RGData has called for a levy to be imposed on the operators of out-of-town shopping centres as a way of ending the practice of free parking and maintaining fairer competition for town centre retailers.

Appearing before yesterday’s sitting of the Dáil committee on jobs and enterprise, RGData — the main representative body for the independent retail grocery sector — said it was seeking members’ support for national guidelines on car parking. It said retailers in town centres are suffering due to an inequality in parking regimes in built-up areas and out-of-town shopping centres

Director general Tara Buckley said that a paid parking system on all new developments in out-of-town/edge-of-town retail centres should be established, while local authorities should also attempt to address the issue of parking availability and accessibility to shops in town centres.

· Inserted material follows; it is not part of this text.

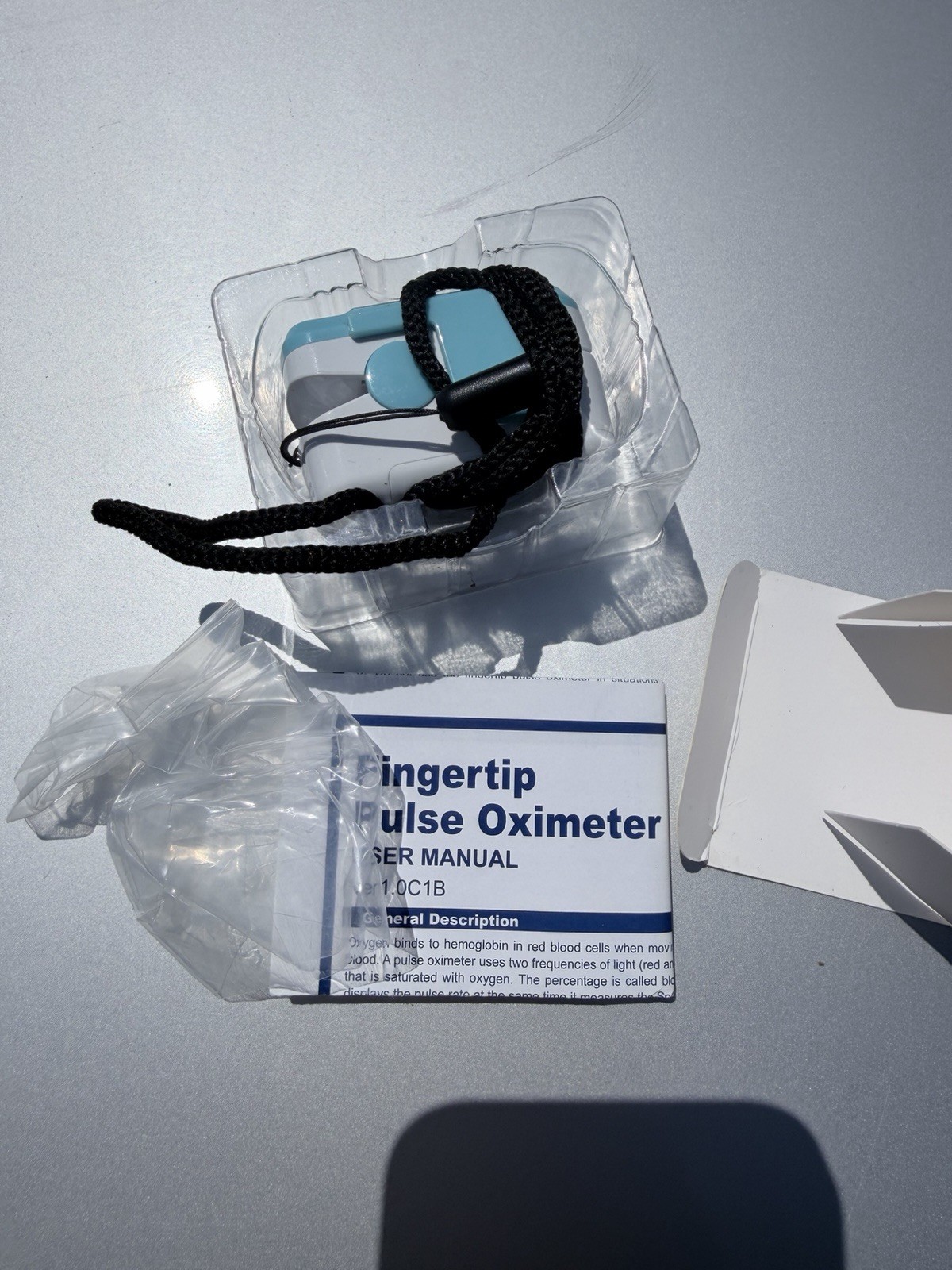 Baseline Fingertip Pulse Oximeter 12-1926 Emergency Medicine Family Monitor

She said it could be left to the shopping centre operators to choose whether to pass on the cost of a levy to their customers.

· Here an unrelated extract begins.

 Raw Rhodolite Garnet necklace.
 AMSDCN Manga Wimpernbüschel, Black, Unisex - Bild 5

In a wide-reaching submission, aimed at forcing the Government to introduce policies supportive of local entrepreneurs and independent grocers, RGData called for more to be done to tackle rogue traders and the black economy.

Ms Buckley noted that the independent retail sector provides 90,000 jobs and contributing €3.6bn a year to the economy, but said they are also paying “the lion’s share” of commercial rates in towns nationwide.

“Our members in Dublin are currently getting notices about their rates revaluations, and many are shocked to see significant increases in their rates bills,” she told committee members. “This must be tackled if you want these businesses to survive. We cannot afford 50% and 100% increases in rates during these tough times. Local authorities need to cut their costs and pass these savings on to struggling businesses.”

She said the committee should ensure that the current review of the JLC wage-setting mechanism doesn’t result in starting rates in the retail grocery sector that are higher than other retail shops.

“If this committee wants to support independent grocers, then we need your assistance in ensuring that legislation — currently before the House — provides support rather than a slap down,” she said.

RGData also reported the results of a survey of its members, yesterday, which show that 1,000 jobs had been created by 230 family-owned shops since 2011. Ms Buckley said it represented “a very positive message”.

“Independent shops do not roll down the shutters and shut up shop when times get tough. They roll up their sleeves and get on with creating and retaining jobs and adapting their businesses,” she said.